The Jefferson National Expansion Memorial is a memorial to Thomas Jefferson's role in opening the West, to the pioneers who helped shape its history, and to Dred Scott who sued for his freedom in the Old Courthouse. The Jefferson National Expansion Memorial consists of the Gateway Arch, and St. Louis' Old Courthouse. Tram ride are available for a fee to the top of the Gateway Arch offering a stunning view of the St. Louis skyline and Mississippi River.
The Old Courthouse features three exhibit galleries highlighting the Nation's Westward Expansion, and two historic courtrooms showcasing important civil rights decisions.
The Gateway Arch is the result of a nation-wide competition in 1947-48 in which architect Eero Saarinen's design for a 630-foot stainless steel arch was chosen as a perfect monument to the spirit of the western pioneers. Construction of the Arch began in 1963, and was completed on October 28, 1965, for a total cost of less than $15 million.
The Gateway Arch, Old Courthouse and grounds of Jefferson National Expansion Memorial (JNEM) form a natural focal point for a vibrant downtown St. Louis.
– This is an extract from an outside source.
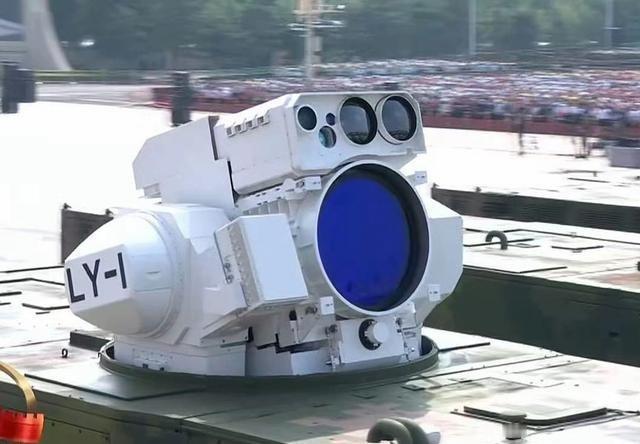 于北辰曾节目中胸有成竹地表示：我发现了大陆的一款新武器激光炮，听说能打无人机，他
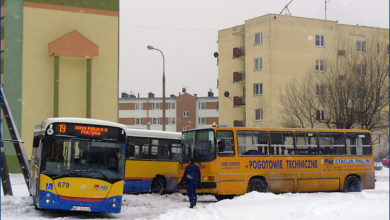 02.12.2010 - Płock, pętla Mazura. ''Złamany'' Jelcz M181MB/3 #679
As an urban site, JNEM offers an oasis to visitors, while remaining in proximity to a number of local attractions, hotels, and restaurants. Visitors will find a number of downtown hot-spots easily within walking distance, including historic Laclede’s Landing, trendy Washington Avenue and the recently rebuilt Busch Stadium, not to mention the storied Mississippi River.
The Old Courthouse is open daily from 8:00 a.m. to 5:00 p.m. during the winter, except Thanksgiving, Christmas and New Year's Day. Summer hours start the Saturday of Memorial Day weekend and run until the day after Labor Day and are 7:30 a.m. - 8 p.m. Admission is free. The Ticketing Center for the Arch at the Old Courthouse is open from 8:30-5:00 p.m. in the winter, and from 7:30-8 p.m. in the summer.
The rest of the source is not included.